Retired NASA engineer Joe Chambers was asked by his wife to look through his ever-growing collection of historical material to cull what had already been published and to clear out their house a little. When sifting through folders, Joe saw one labeled “NASA Insignias.” It formed the basis of a 2013 presentation at NASA’s Langley Research Center.

It’s three minutes in when Joe takes the podium.

Wings, Meatballs, Worms, and Swooshes: The Untold Story of the Origins of the NASA Seal and Insignia, on YouTube.

Found on the NASA website. Via Brian’s comment on the NASA logo evolution (in the archives).

Skip to 27:36 for the story on how the official seal was chosen in 1958, and its road to Presidential approval.

“Over 350 designs were submitted. They spent half a day arguing about the merits of all 350, and finally Glennan got up, pounded the damn table and said, ‘I’m gonna make the decision, we’re going with this one.’”

NASA seal

And skip to 34:28 to listen to how the “Worm” was introduced in 1975.

NASA worm

“Something looks strange about this. We’re not sure we’re happy with it.”

Interesting to see the letterhead NASA was using back in 1959. A bit too much space in the company name, mind you.

NASA letterhead 1959Image courtesy of Cooper Hewitt.


This is so great.
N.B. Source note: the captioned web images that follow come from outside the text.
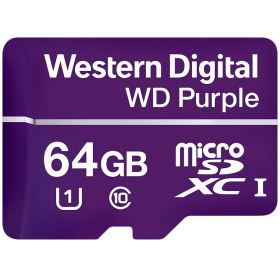 MicroSDXC Card WD Purple SC QD101 Ultra Endurance 64GB, SDA 6.0, Sp...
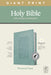 Image of NLT Personal Size Giant Print Bible, Filament Enabled Edition (Red Letter, LeatherLike, Floral Frame Teal, Indexed) other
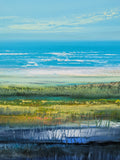 Original art for sale at UGallery.com | Water Wonder Land by George Peebles | $3,800 | oil painting | 36' h x 36' w | thumbnail 4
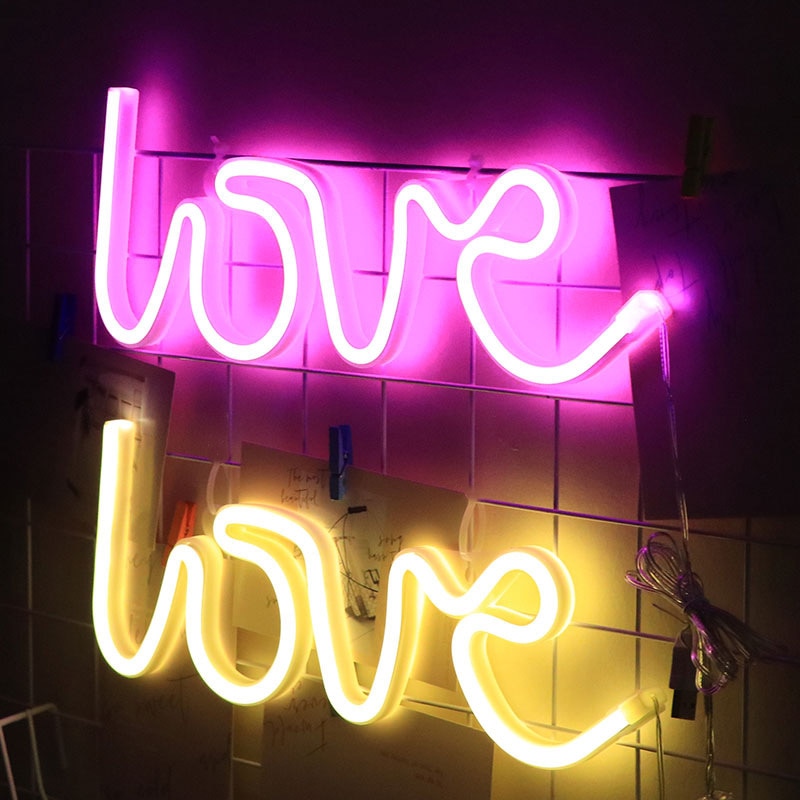 Love Neon Light LED Sign Lamp Love Neon Light LED Sign Lamp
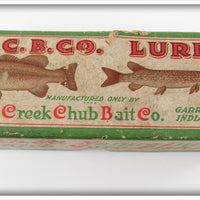 Vintage Creek Chub Golden Shiner Injured Minnow Empty Box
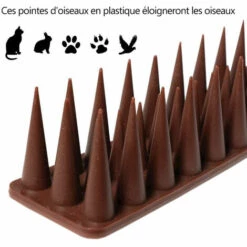 LRISHOM Spikes Oiseaux, 43Cm Defender Spikes Ecureuil Petits Oiseaux Pigeons Repulsif Spikes 8 LRISHOM Spikes Oiseaux, 43Cm Defender Spikes Ecureuil Petits Oiseaux Pigeons Repulsif Spikes -Outil d'entretien du jardin Soldes 27303236 2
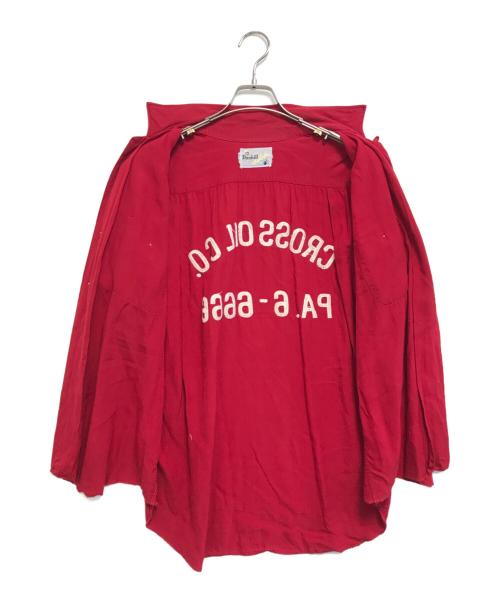 dunhill（ダンヒル）dunhill (ダンヒル) ボーリングシャツ レッド サイズ:表記なしの古着・服飾アイテム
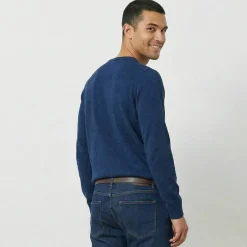 Pull col rond 80% laine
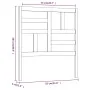 Bettkopfteil aus massivem Kiefernholz in Honigbraun, 81 x 4 x 104 cm von vidaXL, Kopf- und Fußteile - Ref: Foro24-818168, Pre...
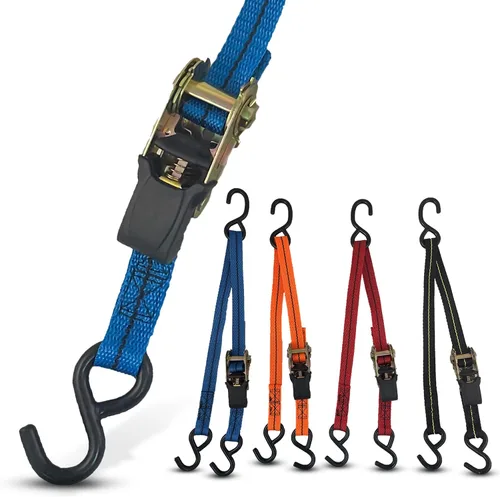 Miniatura 4 de Cajun Tie Downs - Correa de trinquete de amarre de 3 puntos para moto acuática, Sea Doo y Wave Runner (8 pies, negro)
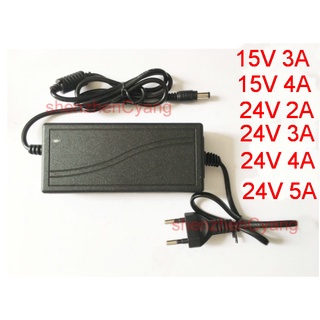 อะแดปเตอร์ Ac To Dc Ac 100V-240V To Dc 15V 3A 4A 24V 2A 3A 4A 5A อะแดปเตอร์แปลงพาวเวอร์ซัพพลายสวิทช์พาวเวอร์ซัพพลาย Led Dc 5.5มม.x2.1มม.-2.5มม.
Facinating to hear that The Worm was disliked. I can think of 2 other logos that had a similar reaction (Nike and Chase Bank). Goes to show how unglamarous it is to be a logo designer. I’d love to have been a fly on the wall to hear the conversations in detail.

I wonder if any uncertainty came because the Worm was outsourced to Danne & Blackburn, while the earlier seal was an in-house project. The mark was obviously a big change, but I can imagine people in NASA asking why they weren’t designing it.

I’ve always felt that the Allen Fleming’s Canadian National logo from the 60s set such a high bar for this type of wordmark. I’ve personally loved them both.
I think Allen had an easier time getting CN approved than Dane and Blackburn had with the worm.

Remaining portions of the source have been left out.